It was the sheer fascination of an expat Australian with the unfamiliar extremes of a Berlin winter that inspired me to write my "Winter Songs". They date back to 1994, when I was first approached by the Philharmonic Wind Quintet, however were not fully realised until 2000. I chose five poems by E.E.Cummings that all revolve around images of winter (and, being from his last, posthumously published collection of poems, perhaps confronting the "winter" of his own life, as in the innocent childhood memories of Poem 52 for example), and grouped them into three movements with a lengthy instrumental introduction. Here much of the main material is introduced and explored.


The first two poems (No.s 16 & 17) are good examples of Cummings’ highly inventive typographical style, where words are dissolved into constituent parts, often split up across several lines into single letters, giving the words at times unexpected neologisms and new associations. The singer is given space to roam in this literary "geography" of sounds. In Poem 16 for example, Cummings presents the word "suburban" with the segments "s", "ub", "sub", "urba" and "n", offering the tenor the chance to gradually present the word. These two poems portray the unflattering sides of winter in the city, all grime and sludge. Fast, knotty passages of notes in the setting of Poem 17 add to the cluttered, messy feel of the words, with all its "filthy slush".


The central movement is a setting of the more conventionally structured Poem 36, in which Cummings, already in 1962, sends us a searing warning on the dangers of ecological destruction.

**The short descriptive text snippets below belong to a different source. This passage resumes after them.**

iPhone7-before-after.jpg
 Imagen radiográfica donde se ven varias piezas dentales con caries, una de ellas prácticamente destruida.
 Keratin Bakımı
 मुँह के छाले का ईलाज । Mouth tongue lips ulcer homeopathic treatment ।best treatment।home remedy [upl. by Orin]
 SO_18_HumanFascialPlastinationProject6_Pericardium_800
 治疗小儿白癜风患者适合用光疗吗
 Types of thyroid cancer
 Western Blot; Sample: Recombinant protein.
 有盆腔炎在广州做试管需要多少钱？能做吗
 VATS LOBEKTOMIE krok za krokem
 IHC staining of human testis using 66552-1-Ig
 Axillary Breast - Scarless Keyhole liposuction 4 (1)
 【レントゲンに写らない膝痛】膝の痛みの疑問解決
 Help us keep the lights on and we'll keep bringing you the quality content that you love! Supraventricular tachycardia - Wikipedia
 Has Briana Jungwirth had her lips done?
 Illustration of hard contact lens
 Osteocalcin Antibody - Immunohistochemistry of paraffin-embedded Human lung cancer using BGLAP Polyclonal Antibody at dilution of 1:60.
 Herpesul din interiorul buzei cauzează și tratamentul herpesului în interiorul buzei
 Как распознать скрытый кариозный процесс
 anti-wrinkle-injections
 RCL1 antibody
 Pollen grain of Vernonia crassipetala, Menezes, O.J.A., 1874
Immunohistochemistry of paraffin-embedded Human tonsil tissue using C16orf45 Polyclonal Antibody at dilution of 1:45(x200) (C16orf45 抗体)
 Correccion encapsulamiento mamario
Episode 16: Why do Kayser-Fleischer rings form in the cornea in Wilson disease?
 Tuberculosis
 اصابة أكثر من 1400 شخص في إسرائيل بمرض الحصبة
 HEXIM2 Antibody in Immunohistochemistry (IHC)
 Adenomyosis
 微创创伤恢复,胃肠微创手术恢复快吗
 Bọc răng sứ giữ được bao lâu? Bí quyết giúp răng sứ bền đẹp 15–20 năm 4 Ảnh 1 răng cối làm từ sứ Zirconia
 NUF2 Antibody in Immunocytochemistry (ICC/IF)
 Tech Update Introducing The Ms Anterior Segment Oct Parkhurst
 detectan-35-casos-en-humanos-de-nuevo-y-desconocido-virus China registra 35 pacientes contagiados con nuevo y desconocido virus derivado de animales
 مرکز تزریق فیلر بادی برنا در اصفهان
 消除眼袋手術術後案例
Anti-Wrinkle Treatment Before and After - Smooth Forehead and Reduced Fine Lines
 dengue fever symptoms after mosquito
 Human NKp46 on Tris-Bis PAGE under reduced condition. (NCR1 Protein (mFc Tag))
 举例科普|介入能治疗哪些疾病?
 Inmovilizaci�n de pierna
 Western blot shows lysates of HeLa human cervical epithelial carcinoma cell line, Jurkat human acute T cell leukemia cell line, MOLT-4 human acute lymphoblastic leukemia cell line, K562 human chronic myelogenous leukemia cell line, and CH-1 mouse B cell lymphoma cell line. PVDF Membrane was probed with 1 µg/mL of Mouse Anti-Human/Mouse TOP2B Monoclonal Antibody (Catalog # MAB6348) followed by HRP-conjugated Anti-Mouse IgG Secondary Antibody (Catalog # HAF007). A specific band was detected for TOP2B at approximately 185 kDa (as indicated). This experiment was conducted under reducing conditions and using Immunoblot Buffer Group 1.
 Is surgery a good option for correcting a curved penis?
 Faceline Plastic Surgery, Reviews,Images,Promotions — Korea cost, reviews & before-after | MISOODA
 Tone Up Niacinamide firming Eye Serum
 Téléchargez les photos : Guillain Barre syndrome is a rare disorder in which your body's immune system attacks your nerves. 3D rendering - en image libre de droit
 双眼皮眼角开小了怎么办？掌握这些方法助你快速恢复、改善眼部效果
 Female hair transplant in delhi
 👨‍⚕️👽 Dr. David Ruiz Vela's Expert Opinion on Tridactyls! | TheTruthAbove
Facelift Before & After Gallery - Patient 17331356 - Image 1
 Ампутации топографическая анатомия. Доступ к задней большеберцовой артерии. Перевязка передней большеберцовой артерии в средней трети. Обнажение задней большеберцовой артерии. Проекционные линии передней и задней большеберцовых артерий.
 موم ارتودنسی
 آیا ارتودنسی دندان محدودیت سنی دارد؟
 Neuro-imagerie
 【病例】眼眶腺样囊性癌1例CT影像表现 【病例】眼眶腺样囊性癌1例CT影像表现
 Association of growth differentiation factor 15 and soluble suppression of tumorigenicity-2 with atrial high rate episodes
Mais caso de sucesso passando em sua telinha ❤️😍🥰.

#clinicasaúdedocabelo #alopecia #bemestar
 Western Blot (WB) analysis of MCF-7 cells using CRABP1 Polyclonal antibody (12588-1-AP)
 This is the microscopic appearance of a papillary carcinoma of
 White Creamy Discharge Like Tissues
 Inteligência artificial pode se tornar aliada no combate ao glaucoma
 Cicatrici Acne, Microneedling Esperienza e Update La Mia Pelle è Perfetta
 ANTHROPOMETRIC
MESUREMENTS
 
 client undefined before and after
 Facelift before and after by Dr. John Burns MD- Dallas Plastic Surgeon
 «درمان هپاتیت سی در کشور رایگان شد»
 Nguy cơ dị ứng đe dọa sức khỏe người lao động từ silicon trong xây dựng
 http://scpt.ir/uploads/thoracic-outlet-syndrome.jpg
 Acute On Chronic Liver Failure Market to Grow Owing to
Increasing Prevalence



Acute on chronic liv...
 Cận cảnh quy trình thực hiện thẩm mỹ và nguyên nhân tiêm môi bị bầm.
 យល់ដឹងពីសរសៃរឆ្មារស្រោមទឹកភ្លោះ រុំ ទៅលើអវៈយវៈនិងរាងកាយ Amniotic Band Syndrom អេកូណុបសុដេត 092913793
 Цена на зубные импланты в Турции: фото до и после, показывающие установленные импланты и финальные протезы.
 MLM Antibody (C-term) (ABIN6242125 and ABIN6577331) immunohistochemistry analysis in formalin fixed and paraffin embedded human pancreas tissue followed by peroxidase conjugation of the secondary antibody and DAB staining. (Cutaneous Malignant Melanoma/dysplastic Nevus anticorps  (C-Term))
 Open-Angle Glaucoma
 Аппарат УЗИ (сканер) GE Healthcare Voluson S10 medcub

The final two movements are free of the negative connotations of winter. There is much less dark and cold, much more a sense of timelessness and openness, more Finland than NYC. In fact, it reminded me of one particularly "golden" November in Berlin, namely in 1989. During the days of the fall of the Berlin Wall, we enjoyed beautiful sunny days with a special clarity of light, combined with a brisk, icy freshness as everyone celebrated at the Brandenburg Gate. I’d never spent so many hours outside during a November before. Winter, with its many extremes, heralds a new beginning and offers intense emotional connections.


© Brett Dean, 2001

Reproduction Rights
This programme note can be reproduced free of charge in concert programmes with a credit to the composer

Press Quotes

"The poems chosen by the composer are late, dark and gnomic (even by cummings’s standards) and the half-hour of music they inspire is emotionally charged and on a symphonic scale. The vocal line travels from a whisper to a scream. Dean writes for the quintet as though it is an orchestra, drawing from the players an astonishing variety of texture and colour." (Andrew Ford, Limelight, Jan 2004)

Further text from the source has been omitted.